A DOE spokesperson said the department is “grateful for what Congress has already done in [the bipartisan infrastructure law] and [the Inflation Reduction Act]” and that officials “look forward to working with them on additional activities that could further Industrial decarbonization efforts.”

Cement, chemicals and refining

The eight industries in DOE’s reports will likely play a deeply consequential role in the country’s broader decarbonization.

The industries accounted for about 14 percent of U.S. greenhouse gas emissions in 2021, according to DOE. By 2030, their share could rise as high as 27 percent, if the transportation and power sectors are able to cut their own emissions as fast as the Biden administration hopes, DOE’s analysts found.
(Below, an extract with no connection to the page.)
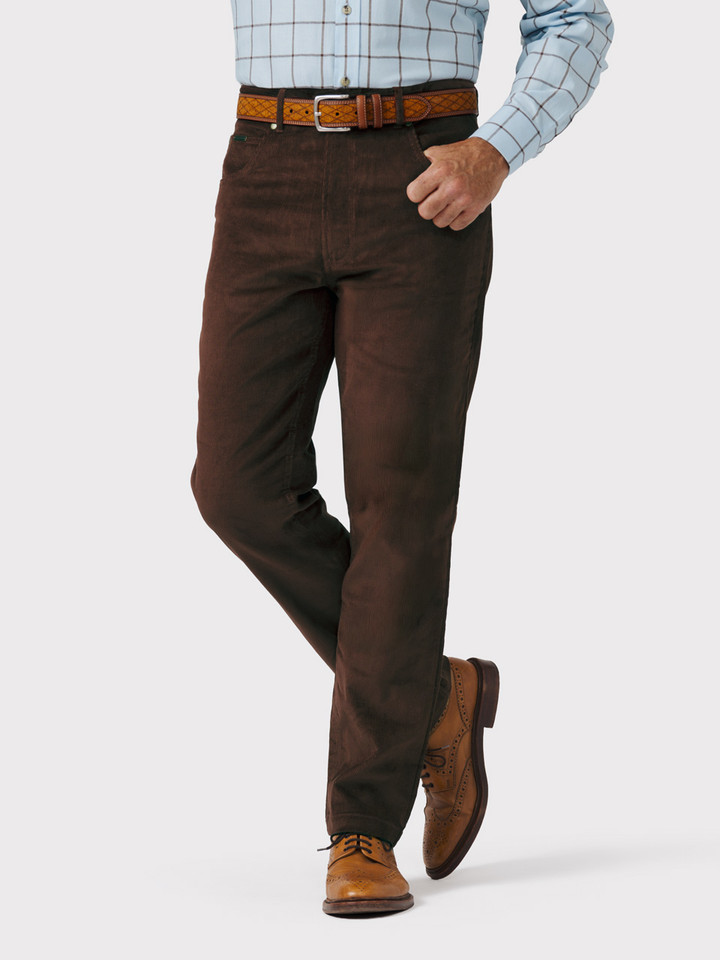 Model wears Mens Cocoa Needle Cord Jeans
Among the country’s industrial sectors, the chemical and refining industries leave the biggest emissions footprint. About 7 percent of the country’s CO2-equivalent emissions were attributable to the two sectors in 2021.

Spokespeople for the American Chemistry Council said they had not had a chance to review the reports.

The cement sector, a stand-alone focus in one of DOE’s reports, contributes about 1 to 2 percent of U.S. carbon dioxide emissions, along with as much as 8 percent of the world’s CO2.

DOE concluded that the American cement industry “must accelerate decarbonization progress dramatically to keep pace with sector-wide net-zero goals.” Almost all of the industry’s major solutions for decarbonization are in the “pilot stage” in the United States, according to the DOE report. That includes carbon capture, which may need to cut about 60 to 70 percent of cement makers’ emissions by 2050, DOE said.

Mike Ireland, CEO of the Portland Cement Association, said the cement industry has taken “bold leadership toward decarbonization,” pointing to his association’s road map for carbon neutrality.

Key policies in the road map are “very much aligned” with DOE’s solutions, he said, including adopting carbon capture and storage, increasing the use of alternative fuels and energy efficiency measures, and blending low-carbon cement into products.

“We’re working with the U.S. Department of Energy to invest in innovative decarbonization projects and implement policies that will allow us to scale up our efforts to cut carbon emissions,” Ireland said.